__Task item__: Take the data below and copy exactly the lines starting at the one with "今日のバナナ｜3823｜note" and finishing at the one with "Salihli Icin Pazardaki", both included.

__Given records__:
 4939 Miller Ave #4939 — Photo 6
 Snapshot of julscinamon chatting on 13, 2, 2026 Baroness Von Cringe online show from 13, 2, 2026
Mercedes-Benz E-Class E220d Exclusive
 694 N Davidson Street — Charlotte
--
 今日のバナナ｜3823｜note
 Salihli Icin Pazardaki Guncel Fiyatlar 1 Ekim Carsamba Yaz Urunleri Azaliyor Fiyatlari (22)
--
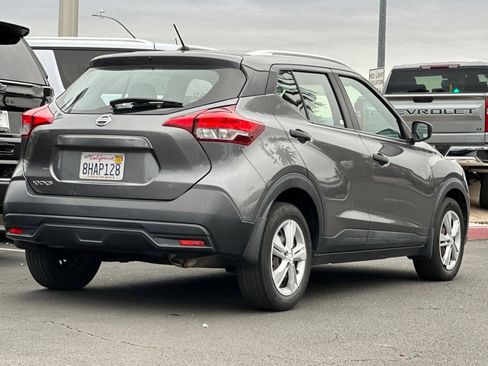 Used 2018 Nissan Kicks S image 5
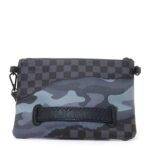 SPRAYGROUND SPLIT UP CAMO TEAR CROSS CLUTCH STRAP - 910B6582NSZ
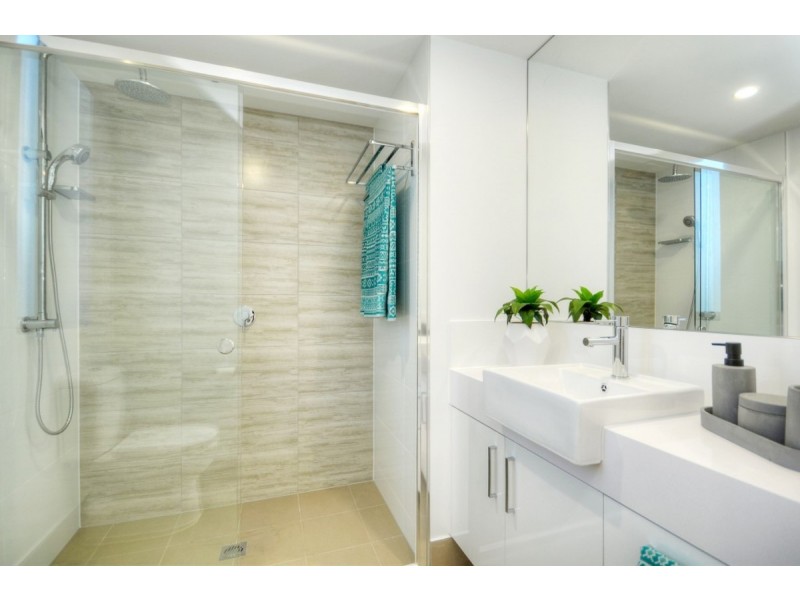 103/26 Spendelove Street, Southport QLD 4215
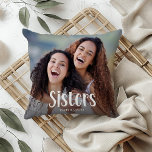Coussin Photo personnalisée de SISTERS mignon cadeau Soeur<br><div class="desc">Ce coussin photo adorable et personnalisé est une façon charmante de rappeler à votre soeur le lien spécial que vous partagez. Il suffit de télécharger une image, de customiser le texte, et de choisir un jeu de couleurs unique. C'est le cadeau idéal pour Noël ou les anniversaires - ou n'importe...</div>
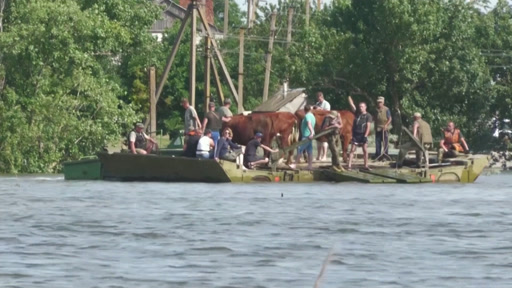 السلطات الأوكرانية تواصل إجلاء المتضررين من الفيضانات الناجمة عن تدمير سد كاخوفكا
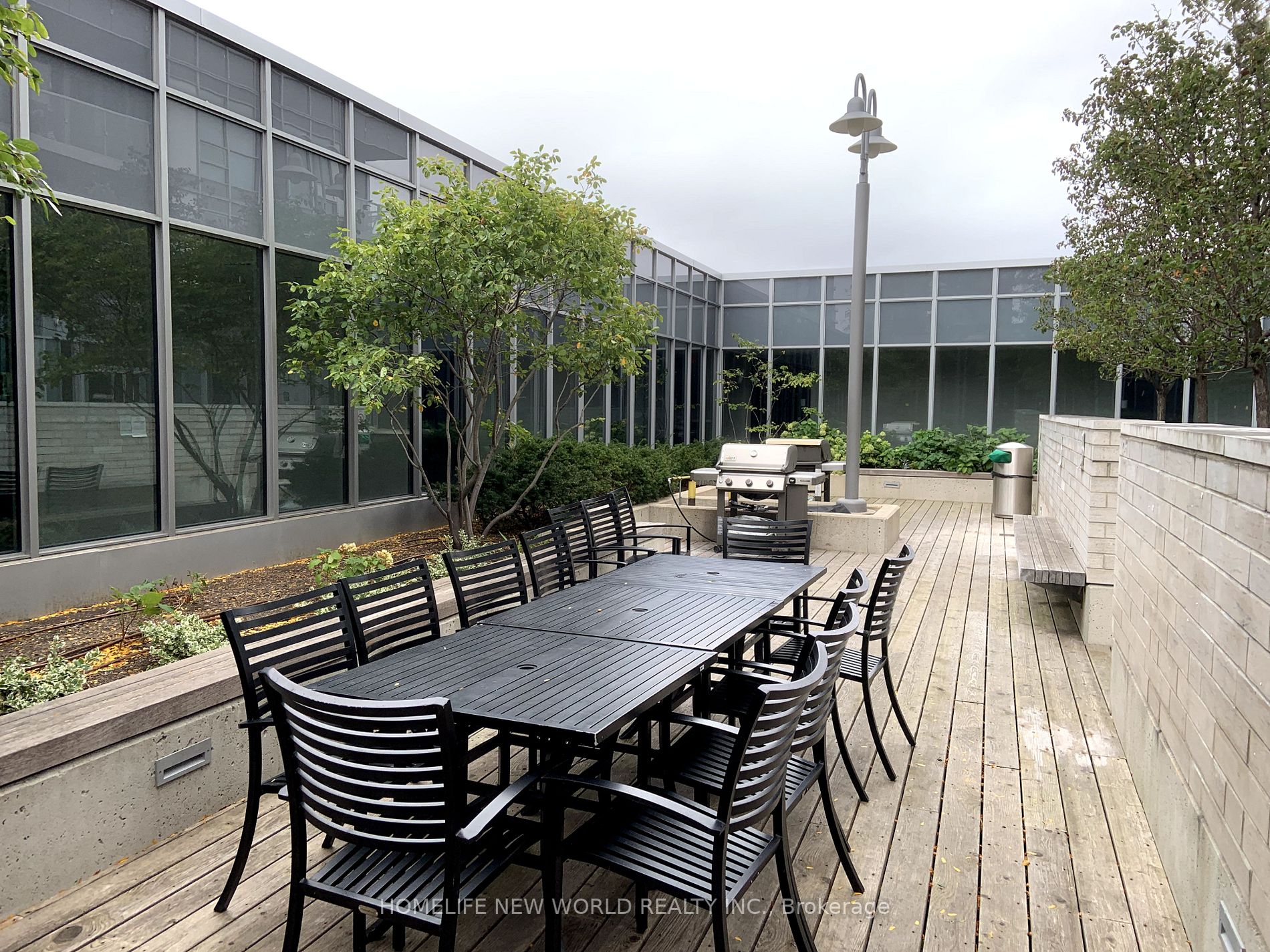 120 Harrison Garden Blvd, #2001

__Written answer__:
 今日のバナナ｜3823｜note
 Salihli Icin Pazardaki Guncel Fiyatlar 1 Ekim Carsamba Yaz Urunleri Azaliyor Fiyatlari (22)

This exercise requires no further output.